++++ Exercise material ++++

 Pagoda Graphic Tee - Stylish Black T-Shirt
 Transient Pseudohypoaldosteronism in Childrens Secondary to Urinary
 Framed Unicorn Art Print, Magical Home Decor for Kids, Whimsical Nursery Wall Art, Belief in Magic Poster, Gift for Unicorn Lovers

++++
++++ Exercise material ++++

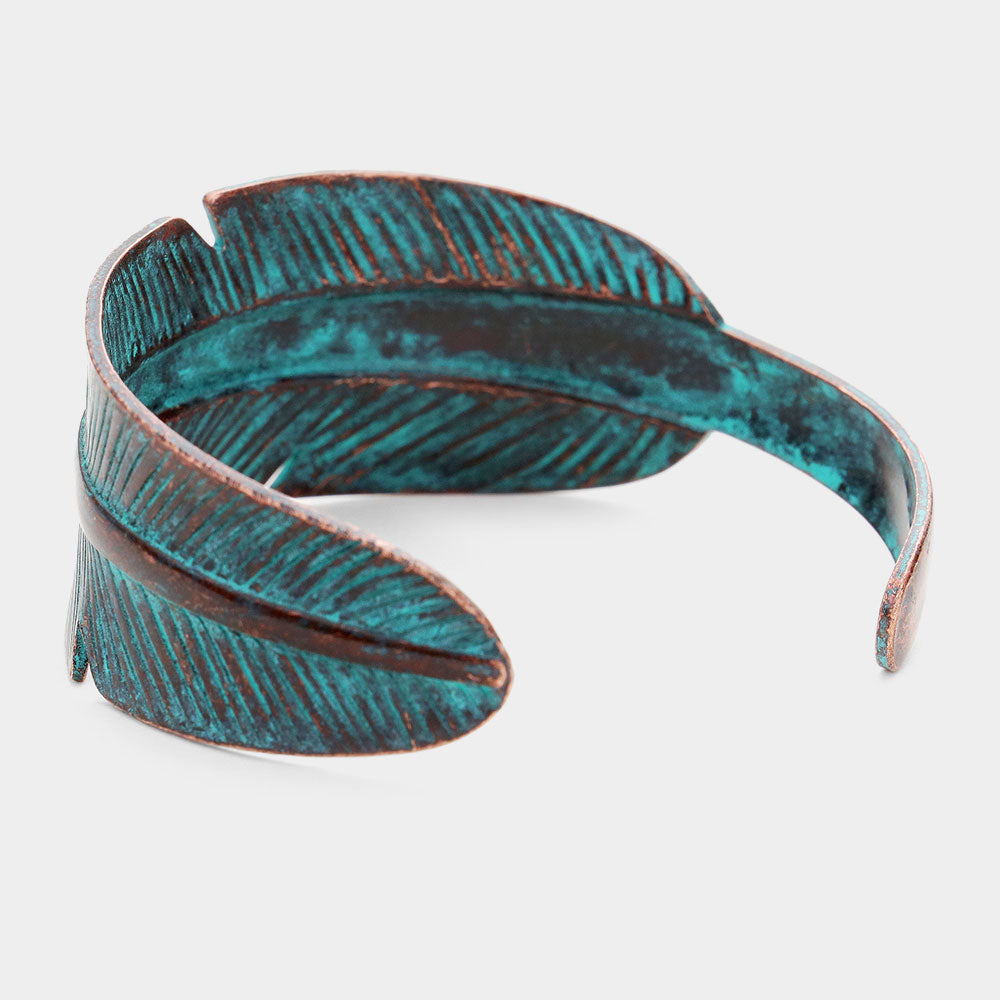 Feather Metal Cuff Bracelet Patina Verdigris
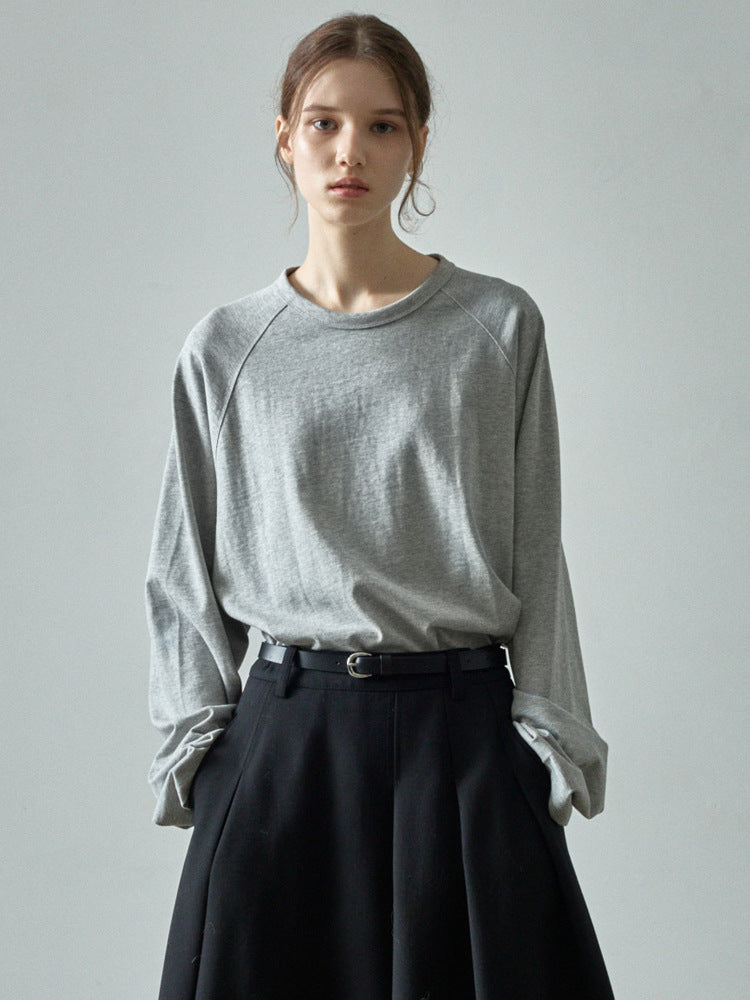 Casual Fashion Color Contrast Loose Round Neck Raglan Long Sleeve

++++
++++ Exercise material ++++

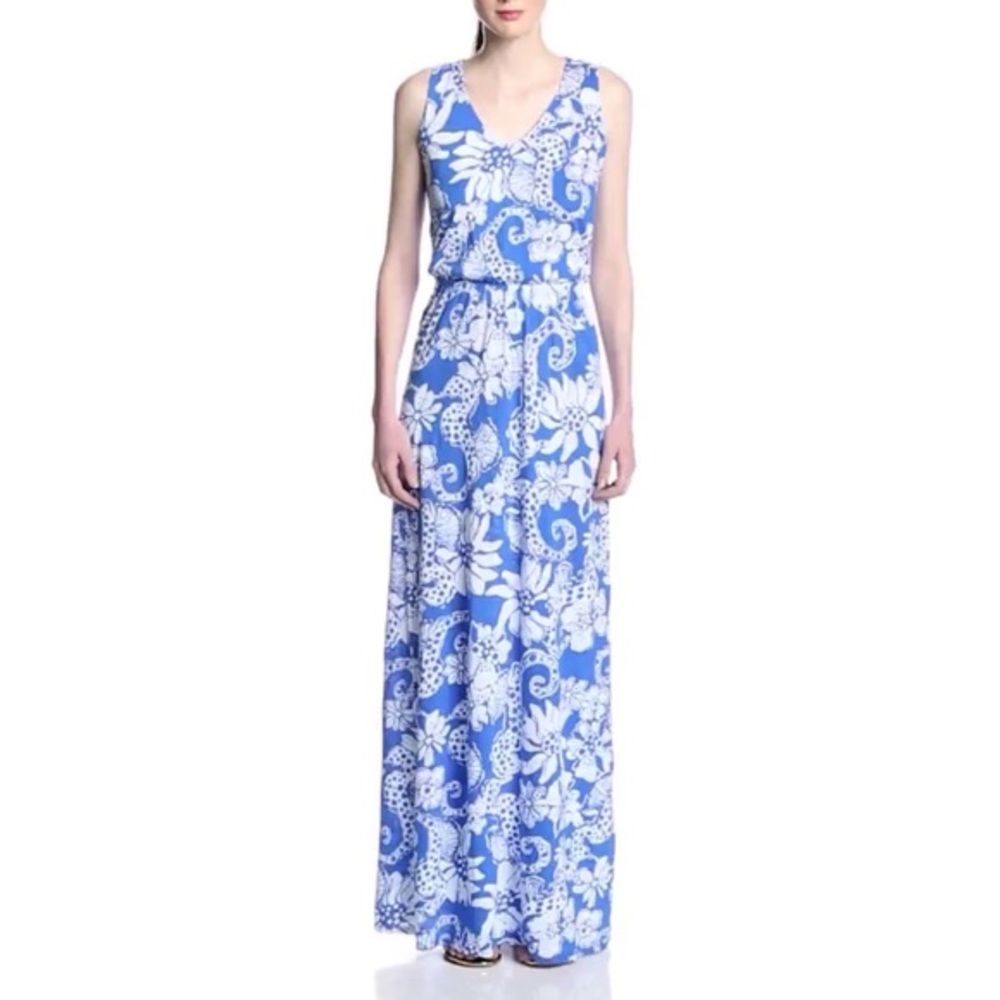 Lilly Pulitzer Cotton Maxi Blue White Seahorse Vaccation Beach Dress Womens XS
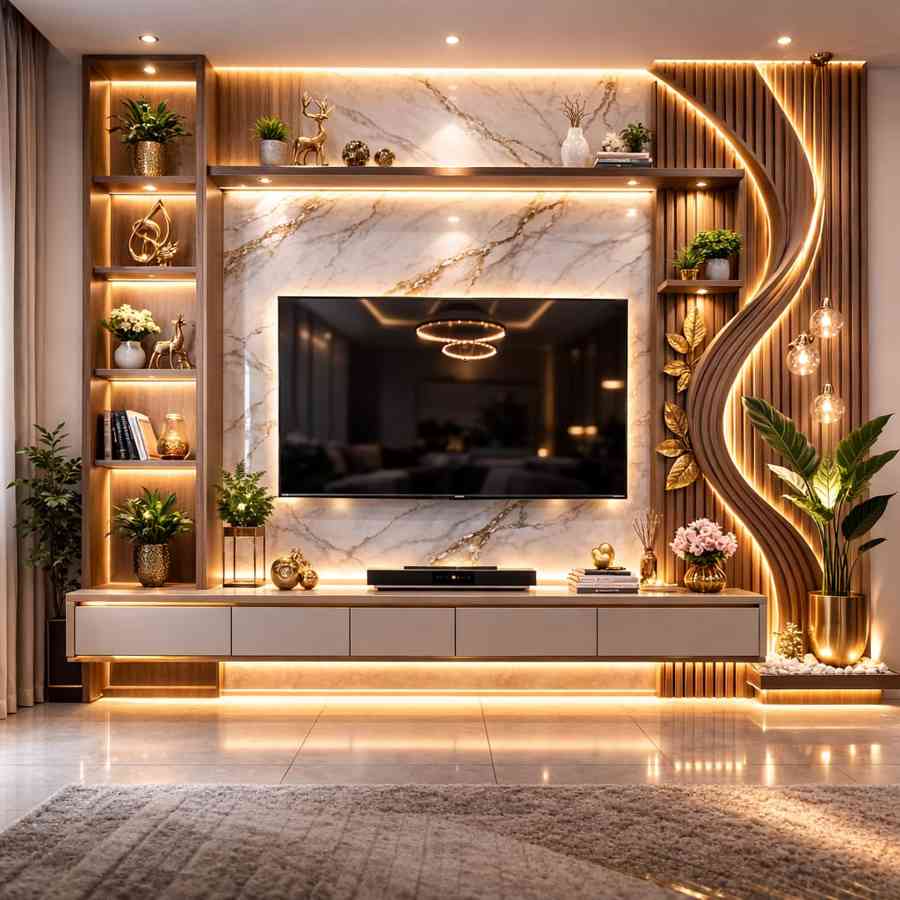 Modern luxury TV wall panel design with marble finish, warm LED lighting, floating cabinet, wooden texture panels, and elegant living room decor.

++++

From the records above, give again only the part that opens with the line containing "Lilly Pulitzer Cotton" and closes with the line containing "Modern luxury TV". Keep both ends but drop the pictures.

 Lilly Pulitzer Cotton Maxi Blue White Seahorse Vaccation Beach Dress Womens XS
 Modern luxury TV wall panel design with marble finish, warm LED lighting, floating cabinet, wooden texture panels, and elegant living room decor.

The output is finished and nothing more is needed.